Je frappe, quelques secondes plus tard un soldat qui n'ouvre même pas me demande qui je suis :
"-je suis la voisine, je, je... (je perds mon anglais) je voudrais récupérer la carte d'identité du locataire de cet appartement, parce que...
- plus tard
- c'est parce qu'avec sa femme et ses trois enfants, ça devient un peu serré chez nous, alors ça nous aiderait
- ...
- il y a quelqu'un ?
- ..."
Finalement en début de soirée, ils nous l'ont rendu en même temps que l'électricité. Mais de toutes façons il était trop tard pour essayer de partir, du coup nous sommes encore 9 dans un F3 pour la nuit.
L'avantage de vivre avec Wajdi et sa famille, c'est qu'ils ont l'habitude. Tout est prévu pour les cas d'urgence : un sac de 10 kilos de farine, un de riz, deux bouteilles de gaz d'avance, de l'eau, des cigarettes, des biscuits secs. Force est de constater que ça nous a été bien utile aujourd'hui, comme par hasard la bouteille de gaz du réchaud et celle du chauffage se sont trouvées vides en même temps. Nous n'avions plus de pain (base de l'alimentation), alors la maman de Wajdi s'est mise aux fourneaux ce matin : du pain et du zaatar et le petit déjeuner était prêt pour tout le monde !
Dans l'après-midi un groupe d'urgentistes est venu nous apporter du pain et vérifier si nous nous portions bien. Ça m'a donné une impression bizarre, il y a quelques semaines j'étais à leur place. Je pourrais aussi être à la place de Thaer, ils occupent son appartement, ça aurait pu être le mien.
Il faut dire que mon voisin n'a pas tellement de chance. Le mois dernier, il a fait importer de Chine tout un ensemble de composants électroniques pour son commerce de téléphones portables. Depuis prêt de 30 jours le container est bloqué aux douanes portuaires car il a été déclaré non-conforme. Pour chaque journée, l'espace qu'il "loue" pour ses produits lui coûte 400 euros et naturellement ils refusent de renvoyer le paquet.

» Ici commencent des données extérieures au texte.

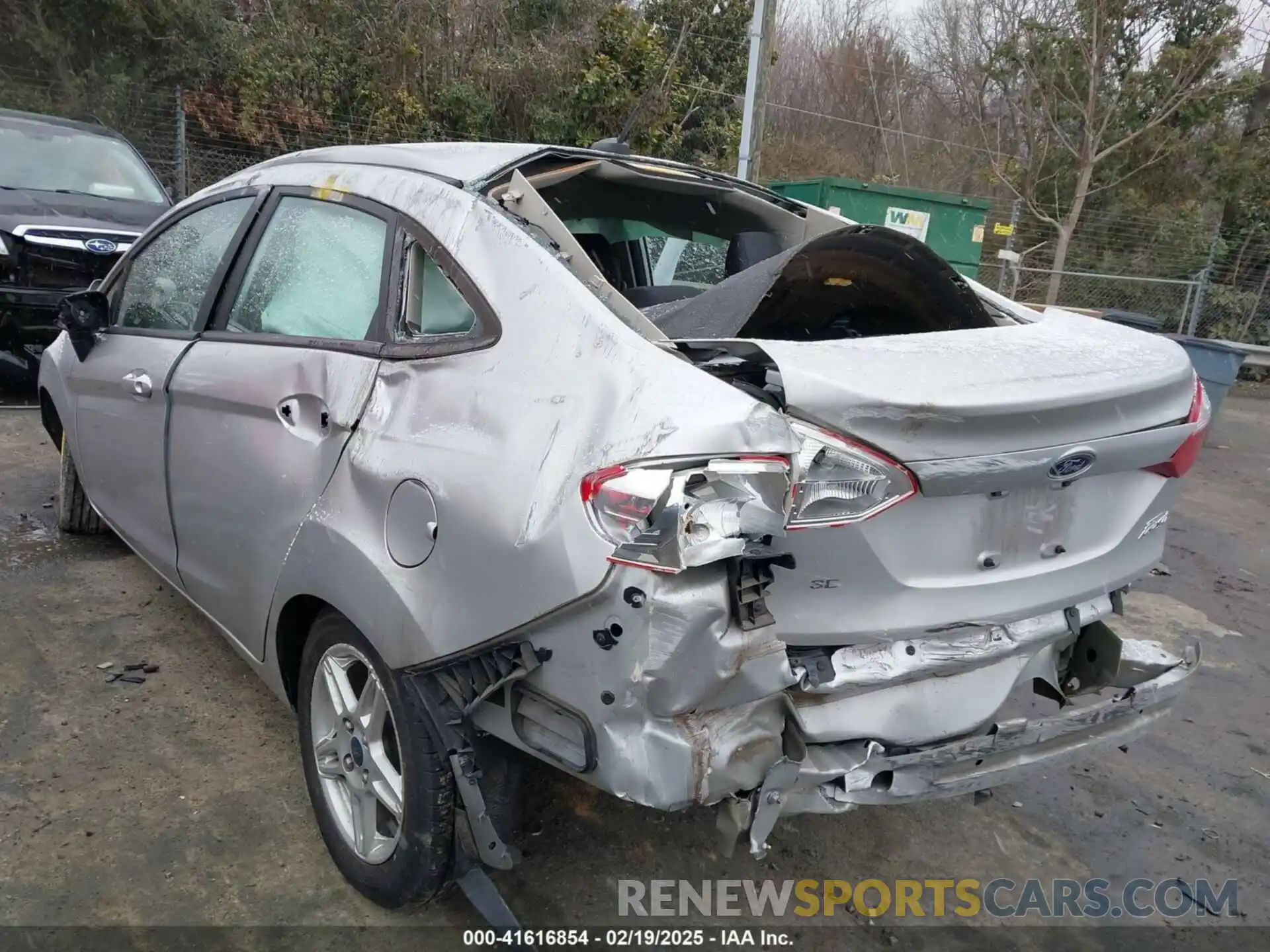 3 Photograph of a damaged car 3FADP4BJ6KM112818 FORD FIESTA 2019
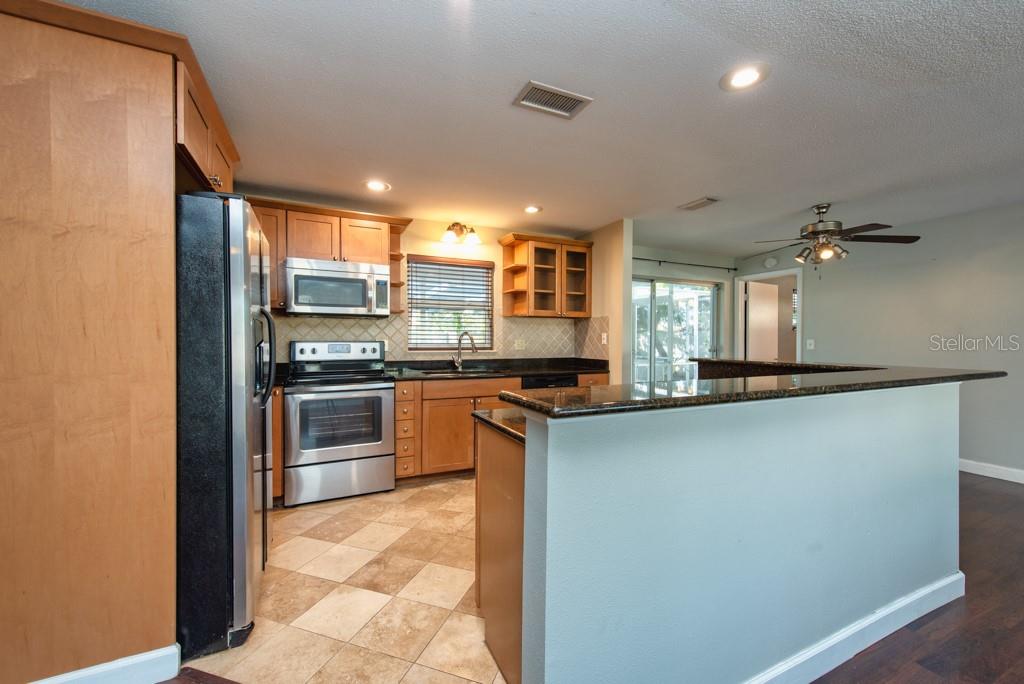 Listing photo id 6 for 1877 Dawn Drive
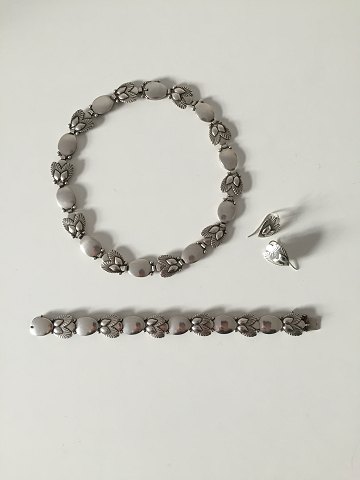 Georg Jensen Sterling Sølv Pinje Smykkesæt med halskæde, armbånd og øreringe No 
94B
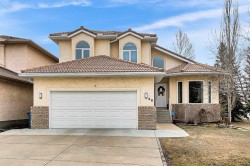 28 Woodpark Close SWCalgary, AB T2W 6G2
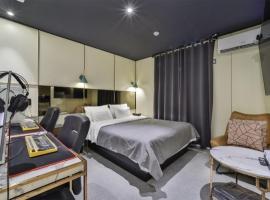 Cheongju Abella Hotel, hótel í Cheongju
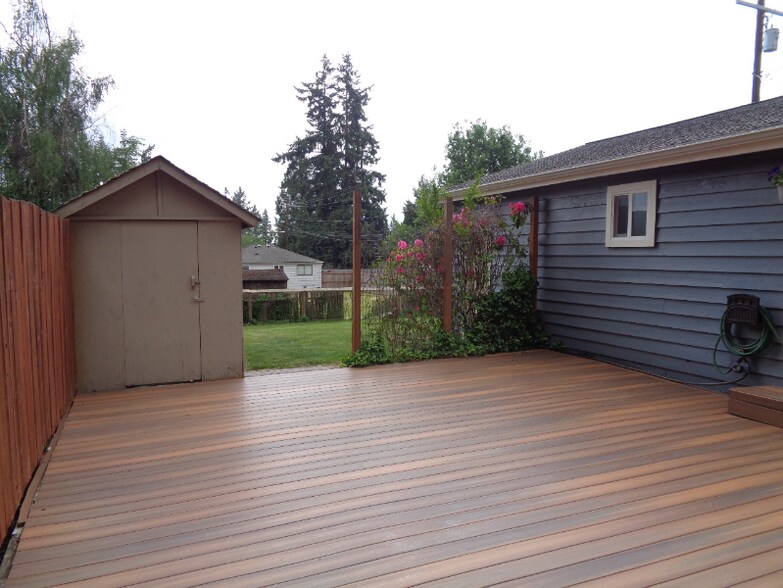 Building Photo - 20309 20th Pl W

Obtenir un salaire relève presque du miracle ici, qu'on soit commerçant, artisan, agriculteur ou qu'on travaille dans l'administration il y a toujours quelque chose : les douanes, les check-points, les invasions, les réquisitions, les aléas des soutiens économiques extérieurs.
Peu avant l'Aïd, le frère de Wajdi qui fabrique des meubles d'intérieur, a reçu une commande d'un salon de huit places. C'était inespéré, depuis des semaines il n'avait rien vendu, alors pendant une semaine il a travaillé sans relâche. Le jour de la livraison, après avoir attendu des heures au check point d'Howara, il s'est vu refuser le passage "les livraisons de marchandises sont désormais interdites ici". Il a rebroussé chemin, il a fait un détour et est passé par un autre check point. Quelques minutes avant d'arriver à destination il a été stoppé à nouveau : "vous ne pouvez pas aller plus loin, des collons attaquent les villageois" "nous vous interdisons l'accès pour votre sécurité". La location du camion et l'essence une journée de plus lui sont revenus à 800 shekels, la marge qu'il aurait du gagner.
Je ne comprends même pas l'intérêt stratégique de ces invasions. Qu'ils se rassurent, ici on crève déjà.